I’ve been bouncing around a couple of writing sites, just looking for the odd tip hint or topic that might spark my fancy and give wings to my writing again. I went through a intensive burst a little while back, and it seems that I consumed all that was available to spend for the last few weeks.

I found myself intrigued by a little auto-suggestion generator, that popped up topics that it suggested that you should write about just to use as an exercise. It came up with a lot of suggestions, some that I ideally flicked through just to get a feel of the prompter, others that I rejected because they were either too tangential or too personal.

One of the ones that stuck with me as I flicked on by was the invitation to write about ten things that I learned at school that weren’t on the curriculum, and that made me think of just that. I may not have ten things to list, I’m doing this off the top of my head after all on the faintest of whims, so we’ll see were we end up. If you want sappy stories of days gone by, sung to the tune of “these are the days of our lives”, well be warned; I don’t really do that. The lessons I think I learned at school outside of class are quite negative ones.


  1. Money is nice, but having the personality and ability of a pot plant and all the money in the world is still failure.

The Paris Hilton hypothesis I guess this would be called now, but international schools do have a certain type of people going ot them, and they very rarely turn out to be wonderful exciting people while they’re adolescents. I’m not precluding their ability to become decent human beings at 25. Just that most of the people with a lot of money and the intellectual capacity of a tsetse fly are never going to be on my list of good things.


  1. Hong Kong Chinese are not friendly people

Yeah talk about starting on a soft one, but all my exposure to my same aged peers of local Chinese extraction produced what can be considered as 90% negative outcomes, with people who weren’t bothered to get to know anyone outside their real comfort zone. Now back at HKU, I’ve found myself experiencing the same phenomenon. I’ve talked to Mainland Chinese, Dutchman, Australians and a slew of other nationalities, but not one local hong kong student has been inclined to talk. Its just weird. There is a caveat. Locals who go somewhere and then come back, make up some of the best people I know, and are actually some of the most astute, benifitting from both worlds. This doesn’t apply to them.


  1. Stereotypes hold through, 90% of the time

A white boy is going to behave a certain way in the international school set. A brown boy who acts like a white boy, is going to behave in another entirely predictable way. A yellow boy who acts like a white boy is going to act in another entirely predictable way. Boys aren’t special either, girls are the same too. If you know the template, you can get a lot of the picture accurately without having to worry about what the precise details are. Oh sure there are going to be fine details that the broad brush strokes I’ve painted above will miss, but the fine details are rarely relevant. If 90% of a person changes, you have a very different person.

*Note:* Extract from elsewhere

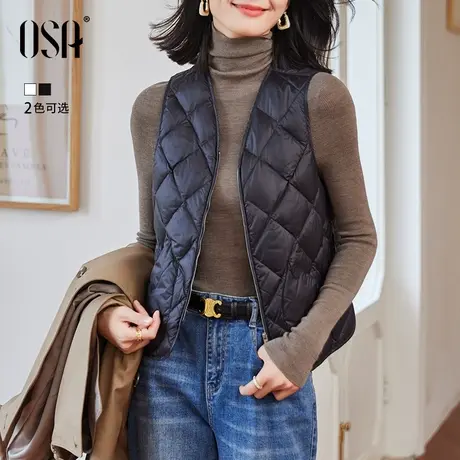 OSA欧莎短款鸭绒羽绒服马甲背心女秋冬季2023年新款轻薄内搭外套商品大图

  1. People matter a great deal, but I still don’t like most of them

This warm thought was developed really in my reaction to graduation from Island School, which in its essence for me felt like a true non-event. Others may speak of the lifelong bond of friendship forged at a young age with apt nostalgia, they were young a long time ago, but I suspect that in the end I’ll take maybe 3 friends with me on my journey outwards, and to be honest I suspect that’s not a bad haul. What’s more interesting is the people I’ve realized in hindsight that I don’t really like, that were sometimes reasonably close in school, and people otherwise of good standing. Even more interesting is the people that I didn’t realize I really liked at the time who I got on quite well with at the end and for a long while afterwards.

  1. One person can change the lives of many if they truly want to.

This was the ethos of Island School, and if we had a school motto, perhaps we would have inscribed this appropriately deified in the Latin script to give august inspiration to our students. But instead the institution breathed its logos at us, and yet left me totally unmoved by it. I’m not sure why, but I probably was the least concerned person in Island School about a tremendous variety of causes that everyone else was involved in. I guess I’m not really fussed about changing the world.


  1. When all is said and done, I’m actually a very conservative person

Island school abounded with arts and crafts, opportunities for skills and talents to be learned and displayed, and my response to it was really to shun it all. Inside my pretty traditional Islamic viewpoint, singing and dancing is much more smoke, mirrors and pseudo-intellectual seduction then a meaningful activity. Besides, I never really liked the arts anyway.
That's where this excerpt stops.